Don’t post crap! Troppo readers were up in arms about Rafe Champion’s post on the Monckton and Dennis climate change debate. Rafe wants to know "how the warming lobby and Greens managed to inflate a possible temperature increase of a degree or two over the next century into the greatest moral challenge to humankind." Commenter Mr Denmore has a question of his own: "When did Club Troppo become a home for nut jobs?"

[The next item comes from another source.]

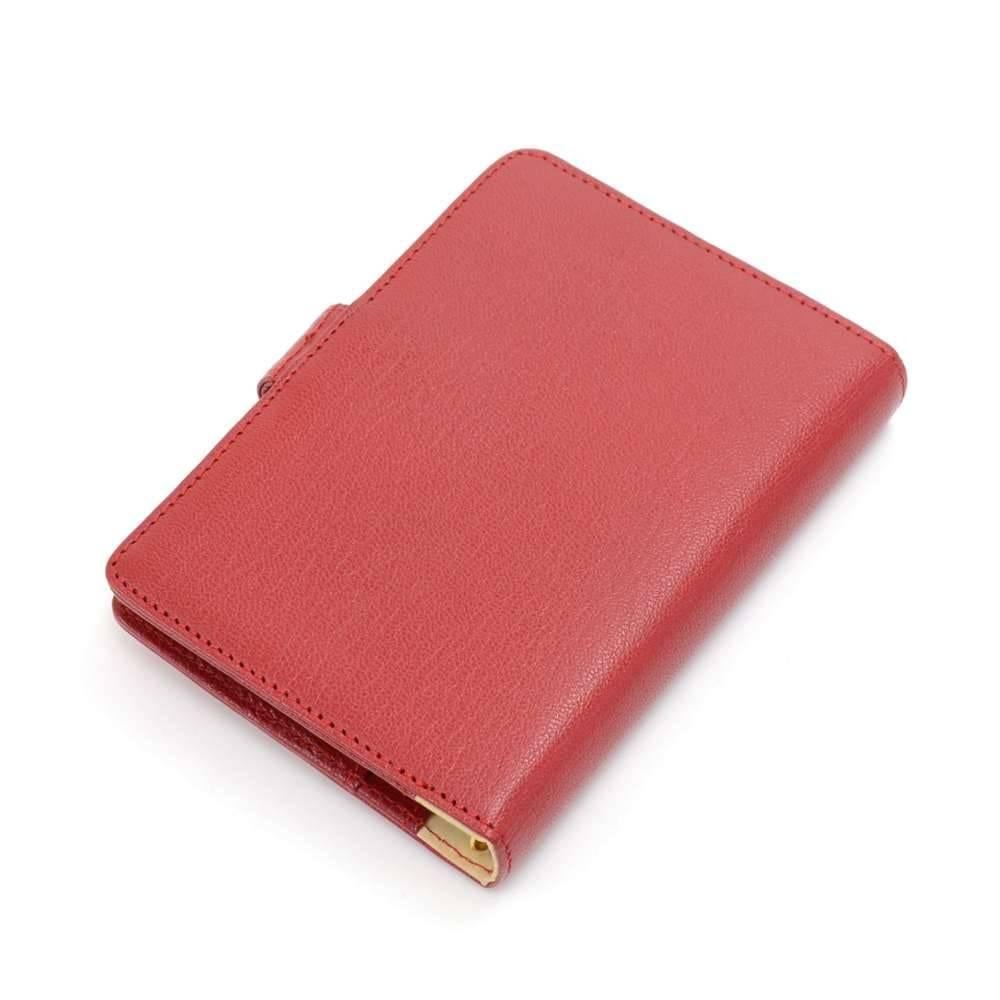 Chanel agenda in red leather. It has the classic Chanel gold-tone button on the front with a stud button closure. Inside has 3 slip pockets, a pen holder, and 6 gold-tone rings to hold your schedule, addresses, or notes. Refill papers can be bought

Menzies House: There’s room for (almost) everyone. "When people suggest to you that climate change is not a moral issue, they’re wrong" says coalition front bencher Malcolm Turnbull. "It is an intensely moral issue." Back in May Menzies House blogger Colin McKay posted pictures of sliced testicles and suggested Turnbull’s stance on climate change was motivated by a desire to get "his balls back" after being named in a multi-million dollar law suit. Commenter Sean hit back: "This is a conspiracy-theory nutjob article and I think the editors should read articles before they are published."
You Can’t Say That! Controversial German author Thilo Sarrazin will join other opponents of ‘political correctness’ at the Centre for Independent Studies’ next Big Ideas Forum. According to the Economist: "Mr Sarrazin’s argument is that the right sort of German women are having too few babies and that the wrong sort—Muslims and those with little education—are having too many. The result is not only that Germany’s population is shrinking, it is also getting dumber." But at Spiegel Online last year Reiner Klingholz explained why the debate over Sarrazin’s book is missing the point. If Germany is to avoid the demographic problems afflicting Japan, it needs to look to the immigration policies of countries like Australia and increase its intake of skilled migrants.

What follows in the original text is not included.